Three passes instead of twelve individual binary search runs. Each pass swept all eight events exactly once.

The Invariant

+-------------------------------------------------------------------+
| INVARIANT: After pass k, every query's search interval [lo, hi]   |
| has width <= T / 2^k. The true answer always lies within [lo, hi].|
| After ceil(log2(T)) passes, lo = hi for every query.              |
+-------------------------------------------------------------------+

Correctness relies on the monotonicity of the predicate. If "condition holds at time $t$ " implies "condition holds at time $t^{'} > t$ ", then the binary search decision (go left / go right) is always correct, and the interval always contains the true answer.

When to Reach for This

Trigger phrases in problem statements:

"For each of $Q$ queries, find the minimum time / threshold / cost such that ..." -- multiple binary searches over the same event axis.
"Events happen in order; each query asks when something first becomes true" -- monotonic predicate over a shared timeline.
"Offline queries with monotonic answer" -- the answer for each query can be binary searched, and events can be replayed.

Counter-examples (this technique does NOT apply):

Non-monotonic predicate. If the condition can toggle on and off, binary search is invalid. Use persistent data structures instead.
Online / forced-online queries. Queries depend on previous answers (e.g., XOR decryption). You cannot batch midpoints.
Single query. Just do a normal binary search. Parallel binary search is only beneficial for $Q ≫ 1$ .

What the Code Won't Teach You

Reading the implementation alone won't reveal why PBS works. The critical structural insight: all $Q$ queries binary search over the same ordered domain (time, weight, index), and checking feasibility for all queries at a given midpoint can be done in a single sweep through the events. Without the "single sweep" property, PBS offers no advantage over independent binary searches.

The log factor savings come from amortization. Naive: $Q$ binary searches x $O (\log T)$ iterations x $O (T)$ per check = $O (Q T \log T)$ . PBS: $O (\log T)$ rounds x one sweep of $T$ events handling all $Q$ midpoints = $O ((T + Q) \log T \cdot f)$ . The key: processing events is the expensive part, and PBS ensures each event is processed at most once per round regardless of how many queries share that midpoint.

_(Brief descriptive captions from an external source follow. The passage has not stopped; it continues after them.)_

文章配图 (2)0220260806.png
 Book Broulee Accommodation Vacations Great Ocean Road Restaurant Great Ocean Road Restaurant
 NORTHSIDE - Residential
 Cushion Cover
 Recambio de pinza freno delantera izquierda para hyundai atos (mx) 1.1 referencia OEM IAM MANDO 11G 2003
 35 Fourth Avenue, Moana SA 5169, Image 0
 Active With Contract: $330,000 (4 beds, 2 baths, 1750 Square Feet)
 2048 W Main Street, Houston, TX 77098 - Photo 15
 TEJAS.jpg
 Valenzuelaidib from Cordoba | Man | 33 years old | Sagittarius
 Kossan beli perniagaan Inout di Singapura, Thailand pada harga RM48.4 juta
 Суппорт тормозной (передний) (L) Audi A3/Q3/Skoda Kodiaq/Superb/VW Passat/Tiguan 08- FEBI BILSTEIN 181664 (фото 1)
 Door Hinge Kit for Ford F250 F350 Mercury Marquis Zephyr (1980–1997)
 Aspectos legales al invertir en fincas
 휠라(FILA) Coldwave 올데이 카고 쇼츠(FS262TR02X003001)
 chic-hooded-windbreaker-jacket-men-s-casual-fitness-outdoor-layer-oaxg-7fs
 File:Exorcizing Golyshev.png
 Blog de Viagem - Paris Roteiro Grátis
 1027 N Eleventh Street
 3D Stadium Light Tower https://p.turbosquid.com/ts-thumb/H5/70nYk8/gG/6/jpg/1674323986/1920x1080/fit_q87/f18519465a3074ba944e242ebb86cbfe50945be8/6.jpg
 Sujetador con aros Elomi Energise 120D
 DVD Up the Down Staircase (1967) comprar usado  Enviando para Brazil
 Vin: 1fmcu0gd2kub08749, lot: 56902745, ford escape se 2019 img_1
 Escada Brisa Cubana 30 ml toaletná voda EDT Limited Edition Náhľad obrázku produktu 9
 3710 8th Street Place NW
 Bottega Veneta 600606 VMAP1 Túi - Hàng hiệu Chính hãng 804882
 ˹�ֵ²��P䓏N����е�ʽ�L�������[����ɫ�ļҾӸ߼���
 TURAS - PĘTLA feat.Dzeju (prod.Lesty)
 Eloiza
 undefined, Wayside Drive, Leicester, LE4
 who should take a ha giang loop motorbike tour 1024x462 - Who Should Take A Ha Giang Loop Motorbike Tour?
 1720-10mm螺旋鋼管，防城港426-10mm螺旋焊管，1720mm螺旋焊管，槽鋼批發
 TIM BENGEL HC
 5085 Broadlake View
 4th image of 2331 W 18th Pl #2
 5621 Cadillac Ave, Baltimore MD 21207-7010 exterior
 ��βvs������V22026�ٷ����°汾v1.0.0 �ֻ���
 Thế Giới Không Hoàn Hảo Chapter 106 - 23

Also non-obvious: the data structure reset between passes is not a performance hack -- it is a correctness requirement. Each round must evaluate midpoints against a clean state built from scratch, because queries at different midpoints need the data structure in different states (events $[1 \dots m i d_{1}]$ vs. $[1 \dots m i d_{2}]$ ). The sweep handles this by processing events in order and checking queries when the sweep reaches their midpoint.

C++ STL Reference

Function / Class	Header	What it does	Time
`vector<vector<int>>`	`<vector>`	Group (bucket) query indices by midpoint	$O (Q)$
`fill(first, last, val)`	`<algorithm>`	Reset BIT / data structure between passes	$O (N)$
`iota(first, last, val)`	`<numeric>`	Initialize index arrays for indirect sorting	$O (N)$
`sort(first, last, cmp)`	`<algorithm>`	Sort events by time (once, before all passes)	$O (T \log T)$
`__builtin_clz(x)`	built-in	Compute $⌈ \log_{2} T ⌉$ for pass count estimate	$O (1)$

Implementation (Contest-Ready)

Version 1 -- Minimal: Parallel Binary Search Framework

cpp

#include <bits/stdc++.h>
using namespace std;

struct BIT {
    int n;
    vector<long long> t;
    BIT() : n(0) {}
    BIT(int n) : n(n), t(n + 1) {}
    void update(int i, long long v) {
        for (; i <= n; i += i & -i) t[i] += v;
    }
    long long query(int i) {
        long long s = 0;
        for (; i > 0; i -= i & -i) s += t[i];
        return s;
    }
    long long query(int l, int r) { return query(r) - query(l - 1); }
    void reset() { fill(t.begin(), t.end(), 0LL); }
};

int main() {
    int n, m, q;
    scanf("%d%d%d", &n, &m, &q);

    // Events: at time j, add value w to position p.
    struct Event { int p; long long w; };
    vector<Event> events(m);
    for (int j = 0; j < m; j++)
        scanf("%d%lld", &events[j].p, &events[j].w);

    // Queries: minimum time t such that sum over [l..r] >= k.
    struct Query { int l, r; long long k; };
    vector<Query> queries(q);
    for (int i = 0; i < q; i++)
        scanf("%d%d%lld", &queries[i].l, &queries[i].r, &queries[i].k);

    vector<int> lo(q, 0), hi(q, m - 1), ans(q, -1);
    BIT bit(n);

    for (int pass = 0; pass < 20; pass++) { // ceil(log2(m)) <= 20
        // Bucket queries by midpoint.
        vector<vector<int>> bucket(m);
        bool any_active = false;
        for (int i = 0; i < q; i++) {
            if (lo[i] <= hi[i]) {
                int mid = (lo[i] + hi[i]) / 2;
                bucket[mid].push_back(i);
                any_active = true;
            }
        }
        if (!any_active) break;

        bit.reset();
        for (int j = 0; j < m; j++) {
            // Apply event j.
            bit.update(events[j].p, events[j].w);
            // Check all queries whose midpoint is j.
            for (int i : bucket[j]) {
                long long val = bit.query(queries[i].l, queries[i].r);
                if (val >= queries[i].k) {
                    ans[i] = j;      // feasible: record and go left
                    hi[i] = (lo[i] + hi[i]) / 2 - 1;
                } else {
                    lo[i] = (lo[i] + hi[i]) / 2 + 1; // infeasible: go right
                }
            }
        }
    }

    for (int i = 0; i < q; i++)
        printf("%d\n", ans[i] + 1); // 1-indexed time
}

Complexity: $O (\log M \cdot (M + Q) \cdot \log N)$ time, $O (N + M + Q)$ space.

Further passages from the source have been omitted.